Эта связь инварианта с преобразованием требует от познания величайшей смелости и величайшей скромности. В недавно упоминавшемся и даже излагавшемся «Моем Фаусте» Валери говорил:
«Человек безумен, потому что ищет истину, и мудр, потому что он находит ее». К этому можно добавить, что «безумная мудрость» Бора (сейчас уже каждый, по-видимому, знает его замечание о теории, которая должна быть безумной, чтобы претендовать на истину) состоит в безумной храбрости, в поисках нового инварианта и в отказе от данного, и в мудрой скромности, препятствующей абсолютизации вновь найденного инварианта.

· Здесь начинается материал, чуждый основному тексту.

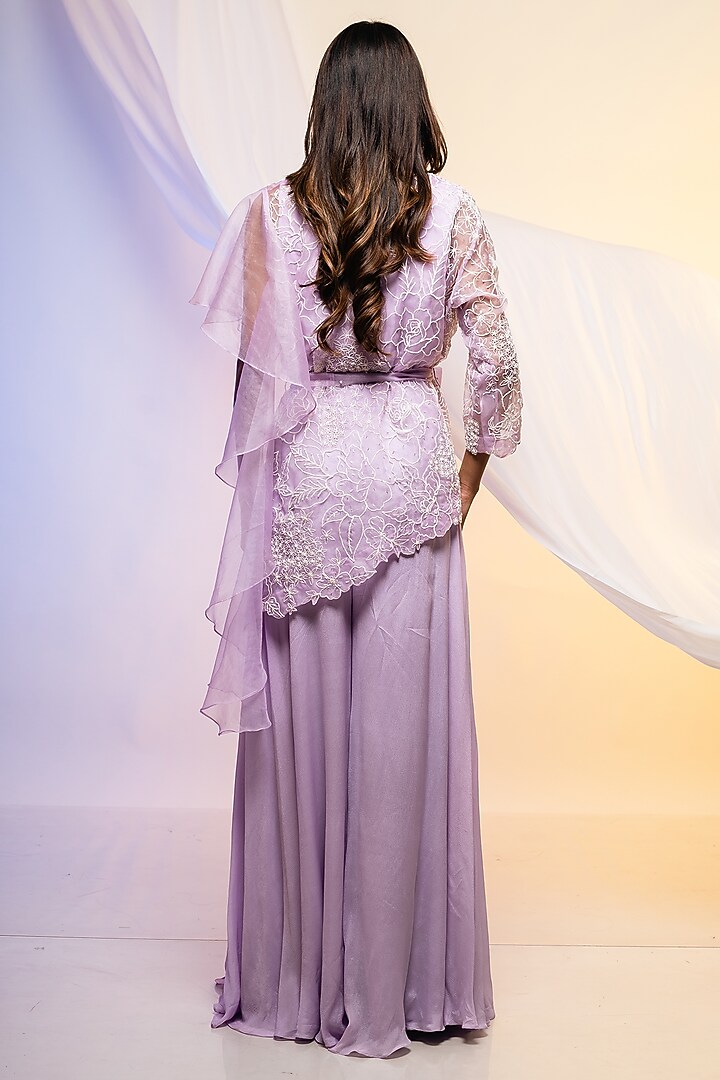 Lavender Organza Embroidered Jacket Set by Smriti by Anju Agarwal at Pernia's Pop Up Shop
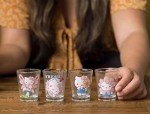 Silver Buffalo Sanrio Hello Kitty Spring Garden Flowers 4 Pack Mini Glass Set, 1.5 Ounces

Впечатление смелости и скромности познания, представление об инварианте как о скромной декларации тождественности, предполагающей нетождественность, предположение о скромной истине, предполагающей ее возможное развитие, ее неабсолютную точность, я получил в беседе с наиболее догматизированным впоследствии философом древности, в беседе с Аристотелем. Это впечатление было подготовлено задолго до встречи, вообще задолго до машины времени. В юности я прочитал в «Философских тетрадях» В. И. Ленина замечание о разноголосице философских мнений у Аристотеля, о неустоявшемся, ищущем характере его взглядов. Эта оценка стиля мышления Аристотеля внушила мне желание ознакомиться с Аристотелем не только до средневековой догматизации его учения, но и до появления рукописей, из уст самого философа, когда непосредственная и подчас наивная разноголосица и вопрошающая неуверенность, поистине скромный стиль мышления могли быть выражены с наибольшей, впоследствии несколько утерянной яркостью.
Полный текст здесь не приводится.